● **THE PROBLEM**
When you reach the line that contains "FERRARI GTC4LUSSO", begin copying exactly, and continue through the last line of the data; no pictures belong in the copy.

● **DATA**
☆ ☆ ☆ ☆

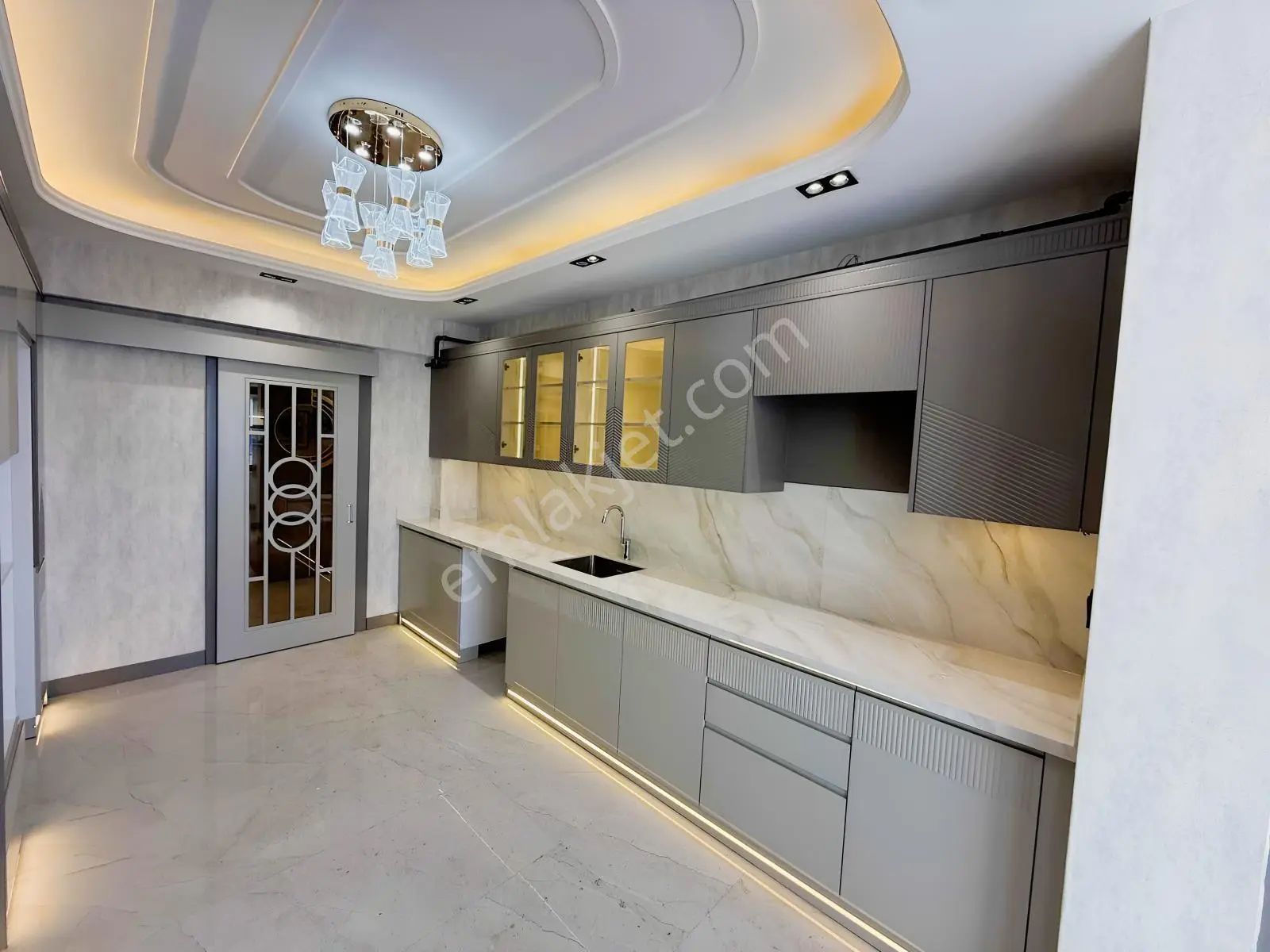 Ertuğrul Gazi Mahallesinde Ultra Lüks 3.5+1 Dairelerde — fotoğraf 11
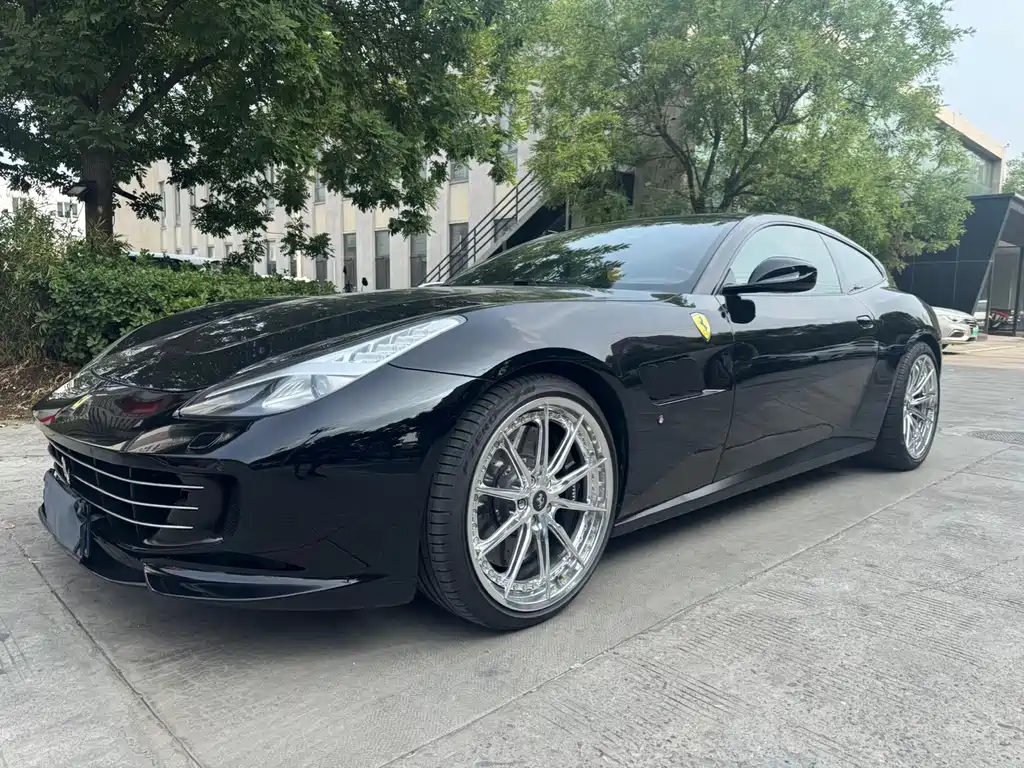 FERRARI GTC4LUSSO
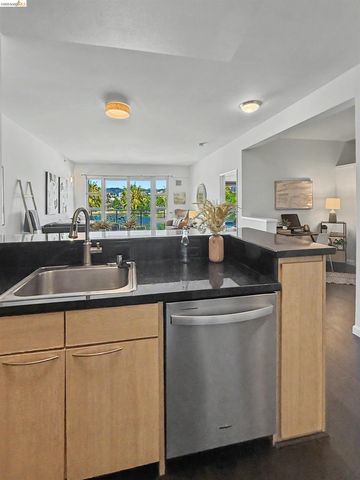 1 Lakeside Dr 411, Oakland, CA 94612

☆ ☆ ☆ ☆

● **COMPLETED EXERCISE**
 FERRARI GTC4LUSSO
 1 Lakeside Dr 411, Oakland, CA 94612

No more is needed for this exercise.